RECORD SET Block Start
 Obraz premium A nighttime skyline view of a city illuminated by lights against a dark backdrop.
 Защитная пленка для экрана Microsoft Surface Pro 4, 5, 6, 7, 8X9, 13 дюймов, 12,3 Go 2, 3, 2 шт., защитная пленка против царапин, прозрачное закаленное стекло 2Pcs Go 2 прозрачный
RECORD SET Block End
RECORD SET Block Start
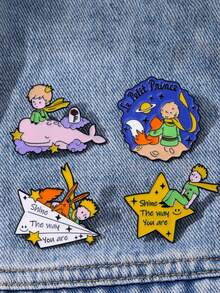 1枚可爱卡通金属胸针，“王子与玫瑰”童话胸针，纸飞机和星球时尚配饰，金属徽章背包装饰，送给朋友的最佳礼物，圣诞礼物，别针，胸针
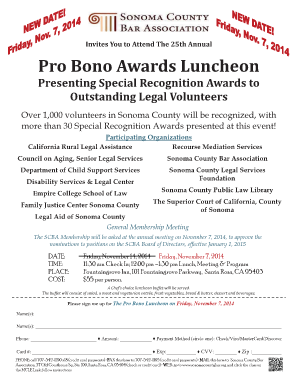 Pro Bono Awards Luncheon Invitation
RECORD SET Block End
• WHAT THE TASK ASKS
Starting at the line above that contains "Obraz premium A", repeat each line exactly up to and including the line that contains "Защитная пленка для", and stop there.

• RESPONSE BOX
 Obraz premium A nighttime skyline view of a city illuminated by lights against a dark backdrop.
 Защитная пленка для экрана Microsoft Surface Pro 4, 5, 6, 7, 8X9, 13 дюймов, 12,3 Go 2, 3, 2 шт., защитная пленка против царапин, прозрачное закаленное стекло 2Pcs Go 2 прозрачный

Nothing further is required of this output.